## [Supplied data]
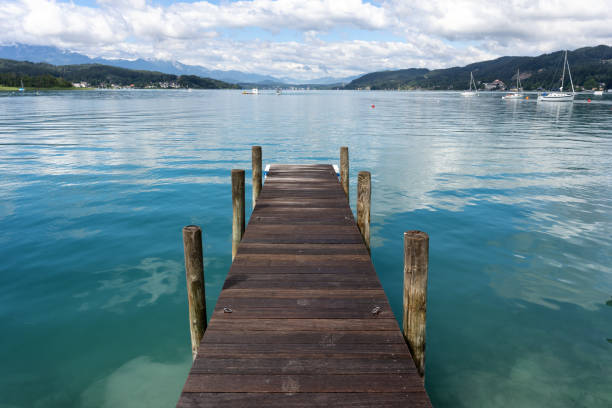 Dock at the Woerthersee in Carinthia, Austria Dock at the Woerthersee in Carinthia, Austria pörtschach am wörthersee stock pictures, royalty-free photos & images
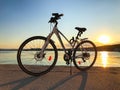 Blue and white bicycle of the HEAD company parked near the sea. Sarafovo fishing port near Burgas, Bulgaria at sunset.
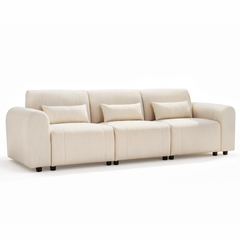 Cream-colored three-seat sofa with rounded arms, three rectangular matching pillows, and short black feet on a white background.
...
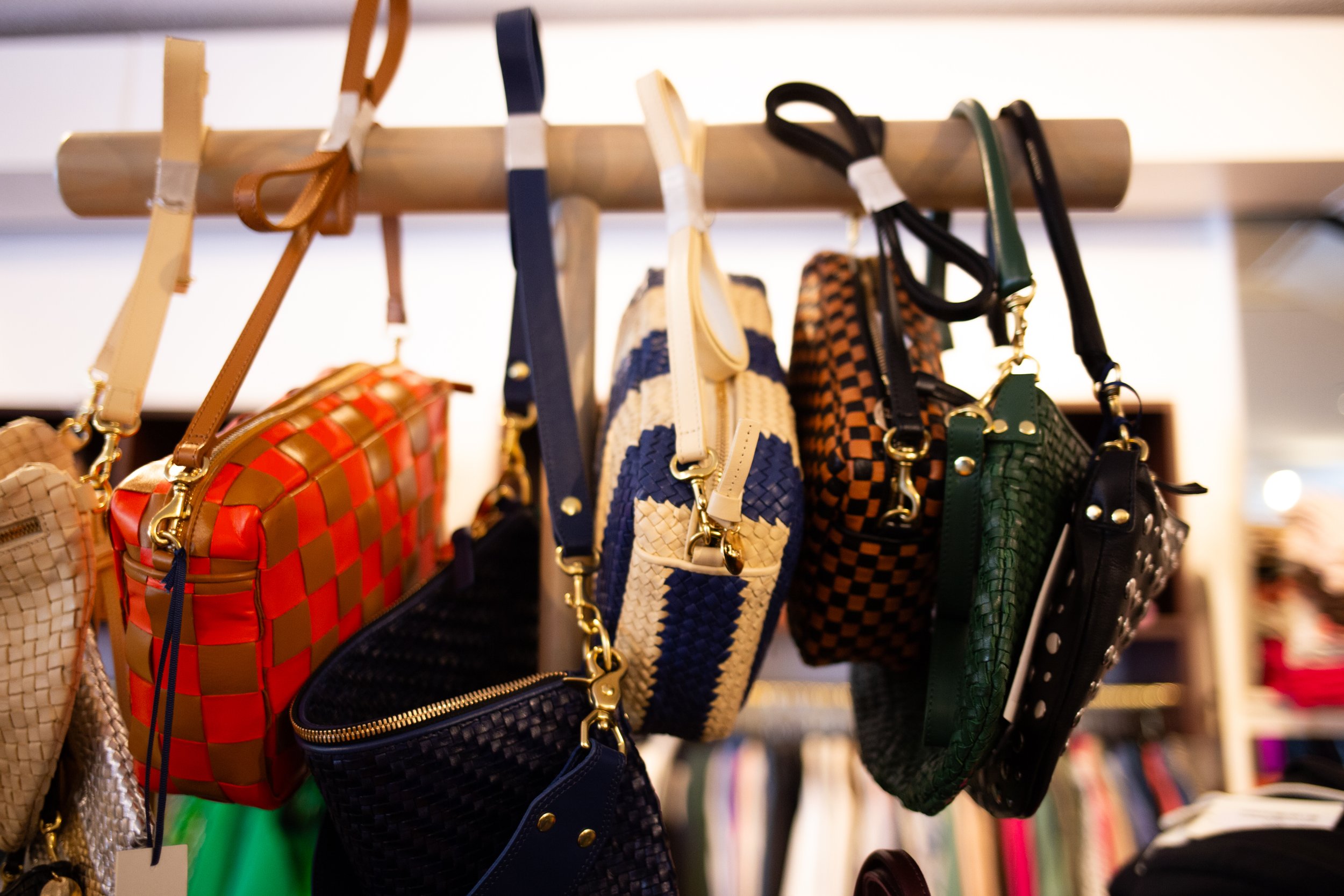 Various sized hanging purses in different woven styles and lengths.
--
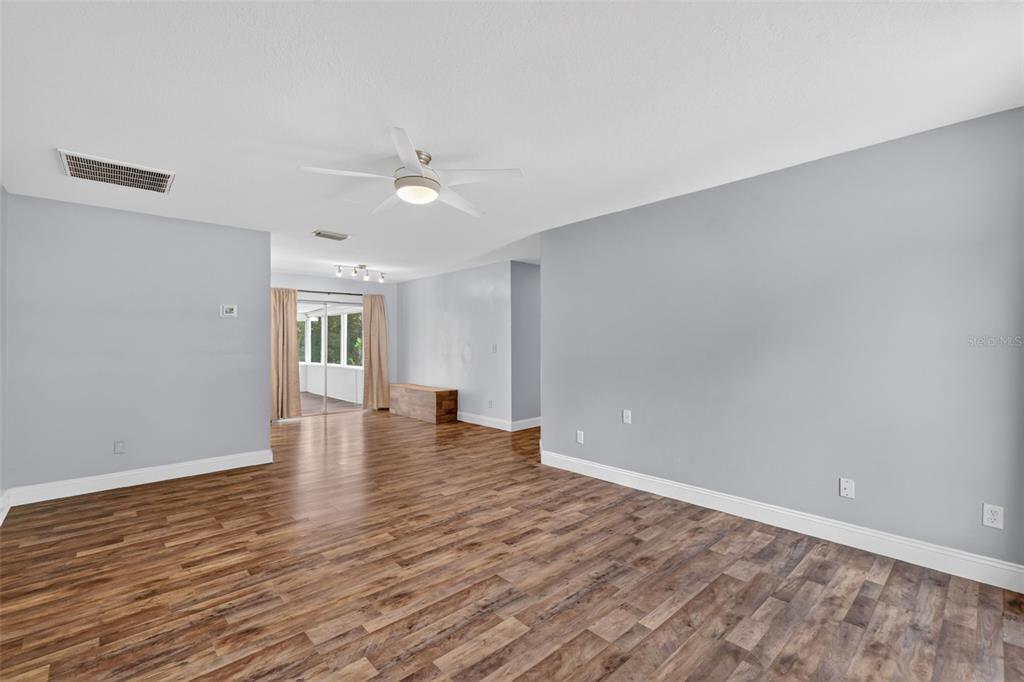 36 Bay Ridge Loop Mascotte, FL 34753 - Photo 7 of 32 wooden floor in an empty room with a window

## [Work to complete]
When copying from the data above, print only the lines from the line containing "Blue and white" to the line containing "Cream-colored three-seat sofa", exactly, and leave the pictures out.

## [Solution to the problem]
 Blue and white bicycle of the HEAD company parked near the sea. Sarafovo fishing port near Burgas, Bulgaria at sunset.
 Cream-colored three-seat sofa with rounded arms, three rectangular matching pillows, and short black feet on a white background.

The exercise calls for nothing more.